Relax…what we're dealing with here is warbler-speak.
Spring is not only wildflower time in southwest-Ohio, it's also when the colorful squads of tiny warblers arrive hereabouts as they migrate northward to their summer nesting ranges. Slim-bodied birds, most the size of chickadees, but with longer beaks—dressed in all sorts of patches and patterns of yellow, gray, slate blue, black, white, brown, orange—striped and non-striped. And of course, most males and females of each species sport different looks.
Breathtaking, confusing troupes of feathered rainbows, flitting about the treetops, their often musical calls ringing through the greening vernal woods. At once both a birder's delight and bane, if you're the sort who insists on putting a name to things and checking off those little boxes on your life list. Personally, I'm content to remain happily bewildered, capable of identifying some of the warblers I see and hear, and delighted just as much by those that leave me baffled.
Here along the river, I saw my first warbler of the season a couple of weeks ago—a so-called "butter butt," or as it's more rightly known, a yellow-rumped warbler. As if warbles weren't perplexing enough, this particular species comes in two variations—the "Myrtle" and the "Audubon's." The former is the one most often seen in the eastern U.S. and the latter mostly confined to the western states. Occasionally, though, one decides to go visiting and fly with his non-majority kin. Not often; what the bird guides refer to as a "casual" visitor. But I saw an Audubon's Yellow-Rumped here a couple of years ago and it mystified me no end until the obvious eventually penetrated.

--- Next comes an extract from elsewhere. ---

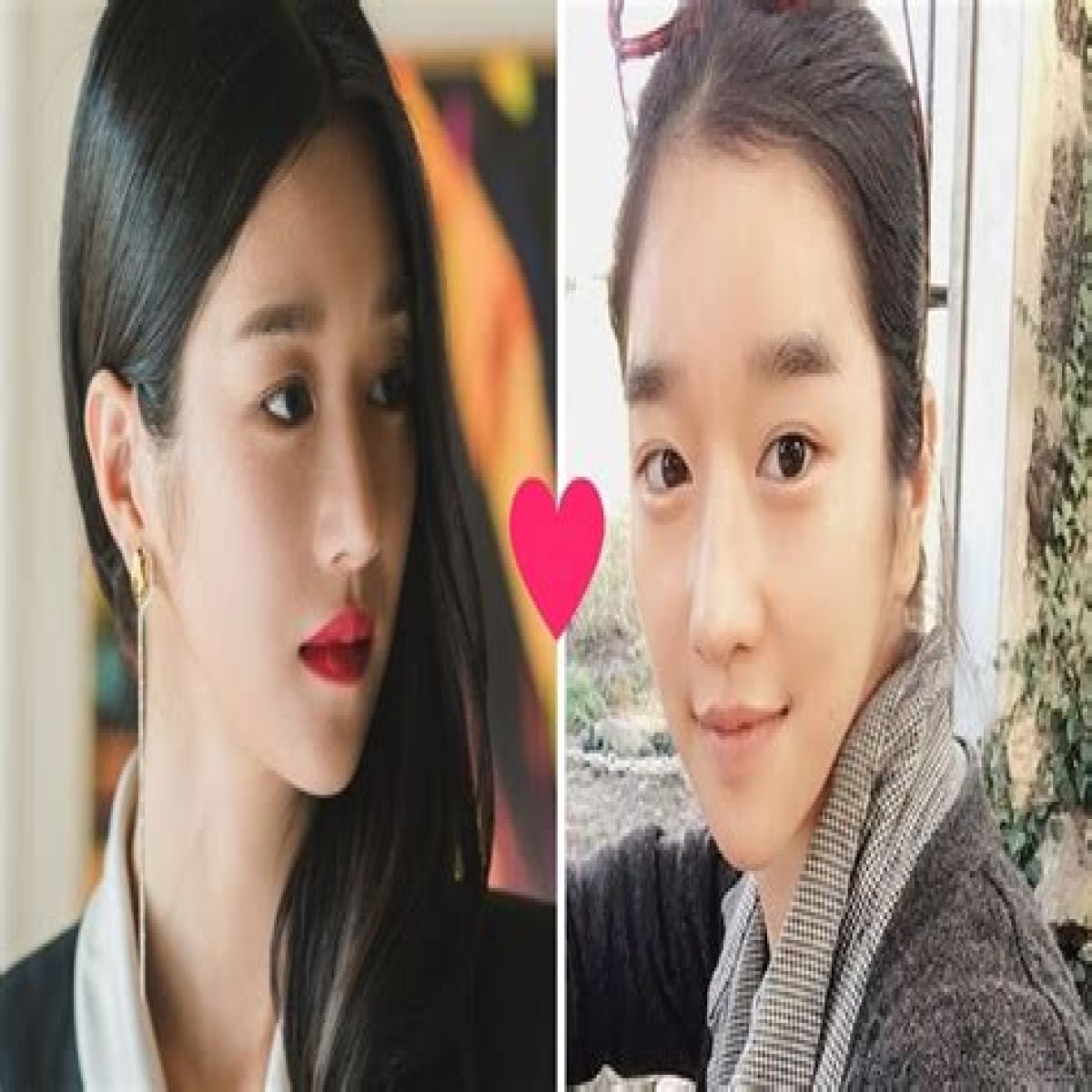 Unveiling The Mystery: Is Seo Ye Ji Single?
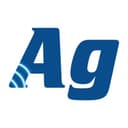 AG LEADER TECHNOLOGY, INC.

Unfortunately, the recent butter-butt (a Myrtle variation) didn't hang around long enough for me to make a photo. But another bird I did manage to photograph—albeit not too well—was a yellow-throated warbler—a bird with a noted preference for sycamores and riverine woodlands.

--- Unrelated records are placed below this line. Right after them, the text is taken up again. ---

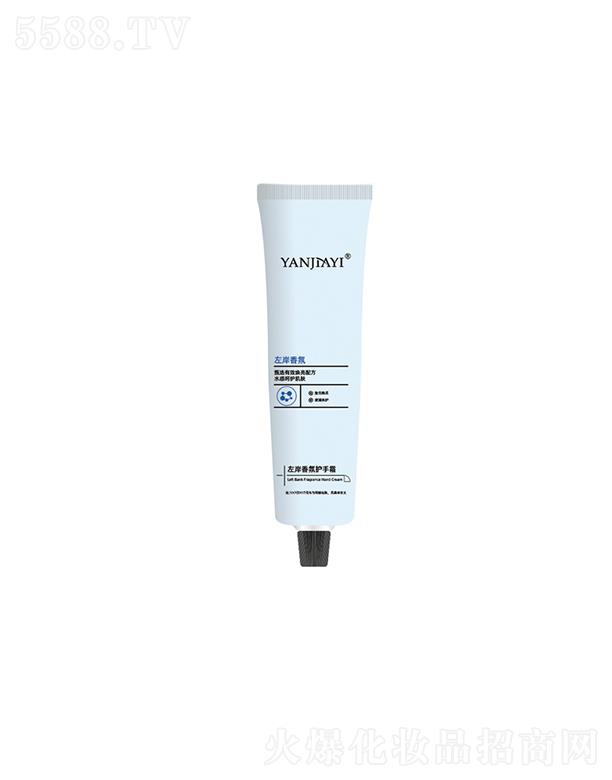 o(h)˪ 󰶣坙{(ln)Ƹɼy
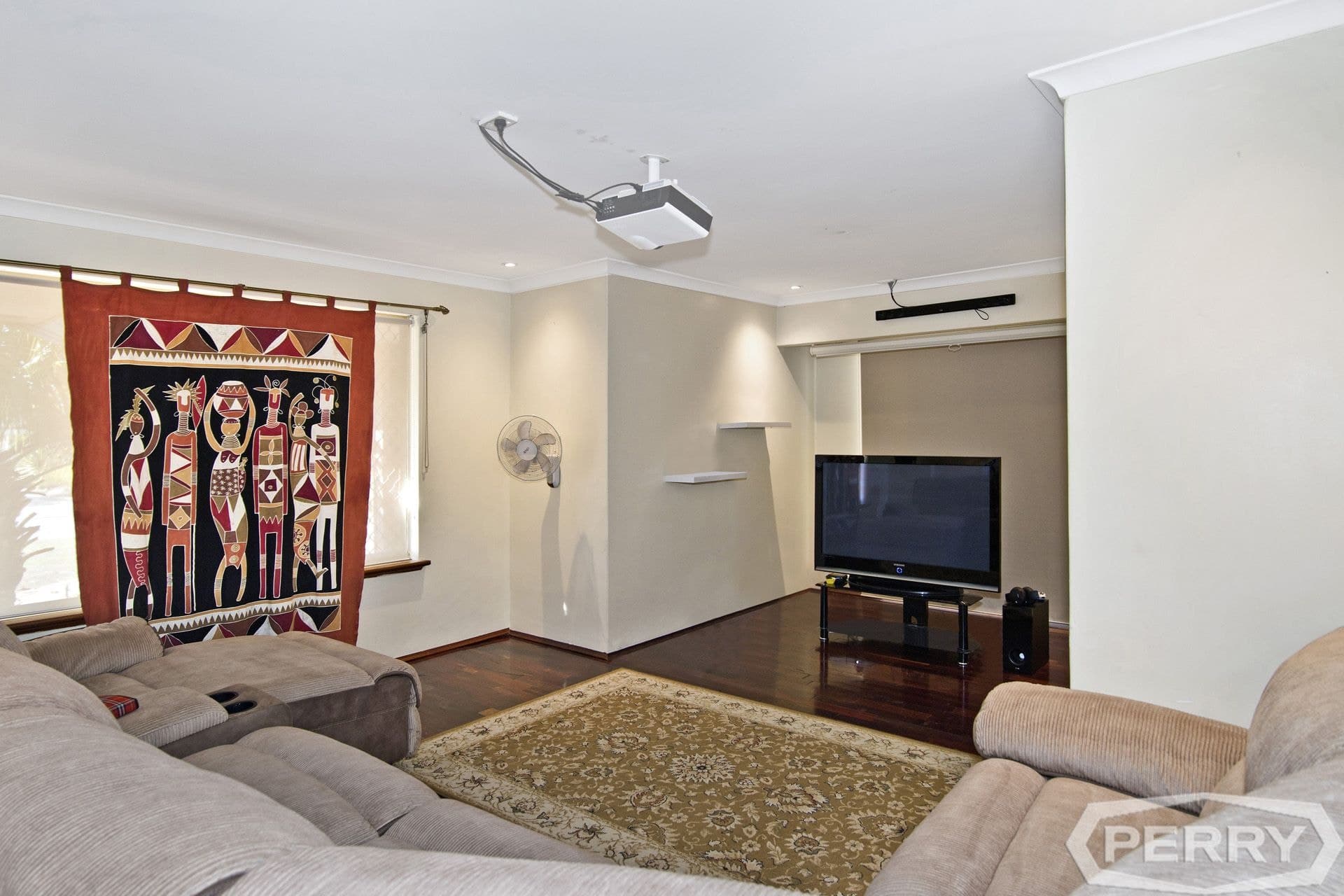 10 Wardell Loop, Dudley Park, Dudley Park - Thumbnail 5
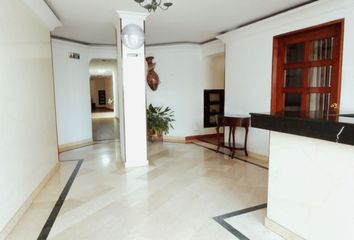 Apartamento en Alhambra, Bogotá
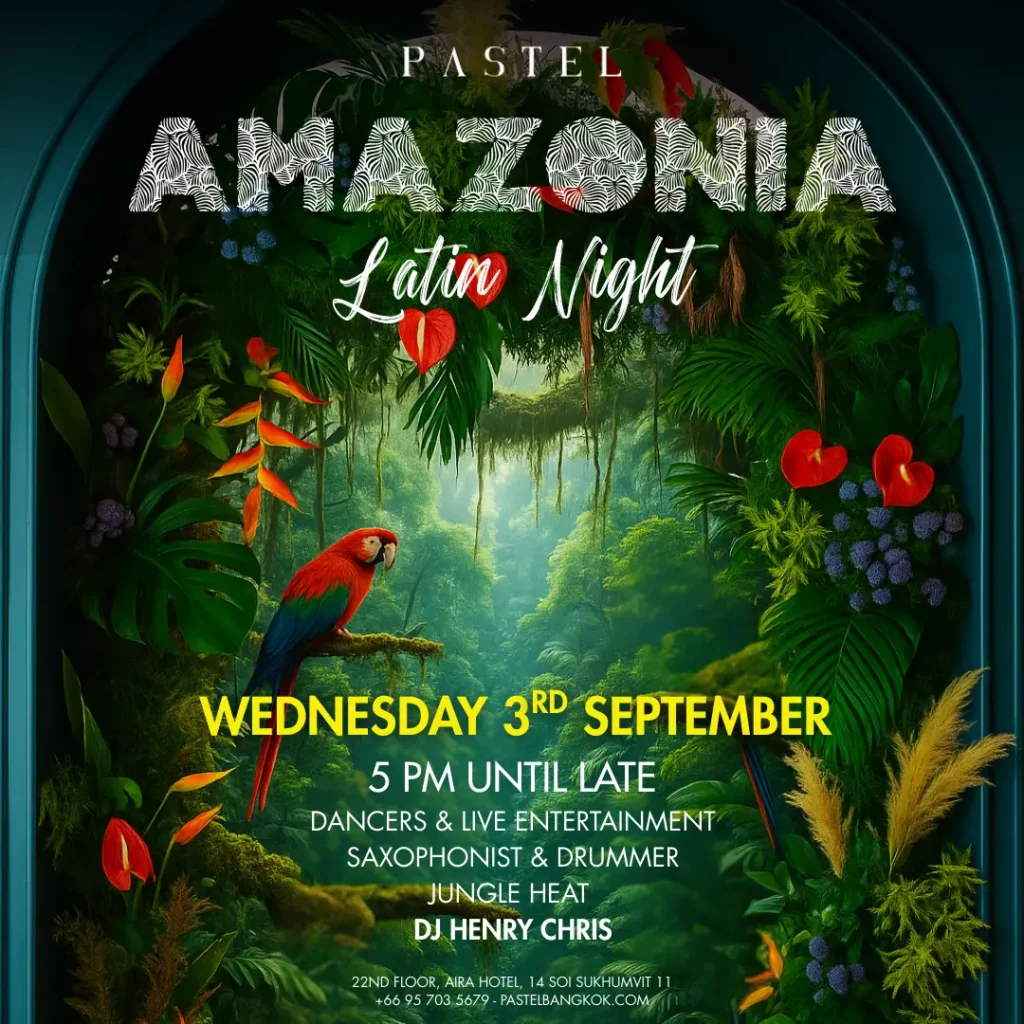 pa new banner amazonia all formats 3th sep 2025 (1)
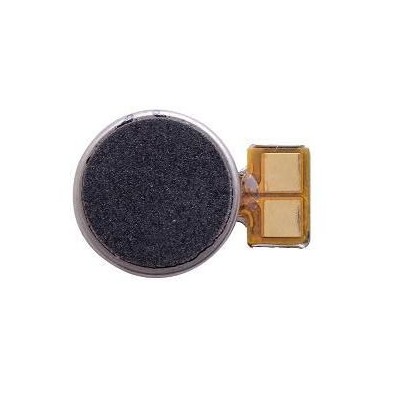 Vibrator For Samsung E2222 - Maxbhi Com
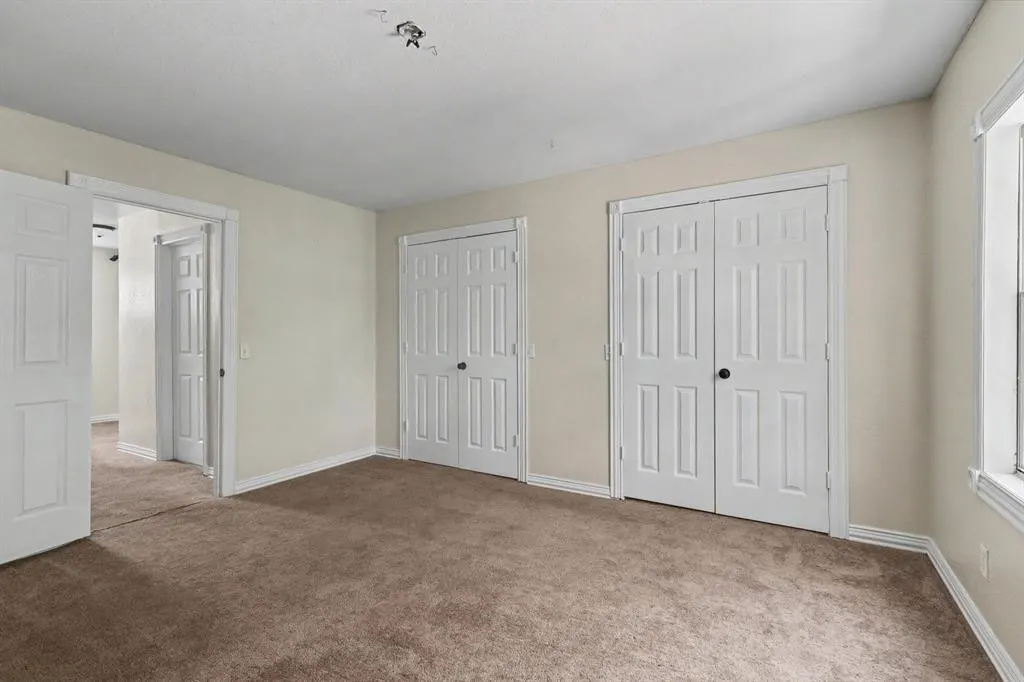 Photo 22 — 21303 E Trailridge Road, Tecumseh, OK 74873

Warblers are mostly insect eaters, and therefore not much interested in hanging around the feeders with the titmice and goldfinches. But this bright little yellow-throat kept making regular passes at the suet block, though it had to contend with downy, hairy, and red-bellied woodpeckers who viewed such behavior as tantamount to thievery by a gaudy-dressed interloper.
Rain is predicted for today and tomorrow, and Friday through at least the weekend. So Thursday will likely be my only chance to get into the bigger woods up the road and better assess the local warbler situation. They're small, quick, and not easy to photograph…but I want to see if I can't add a few warbler portraits to my files.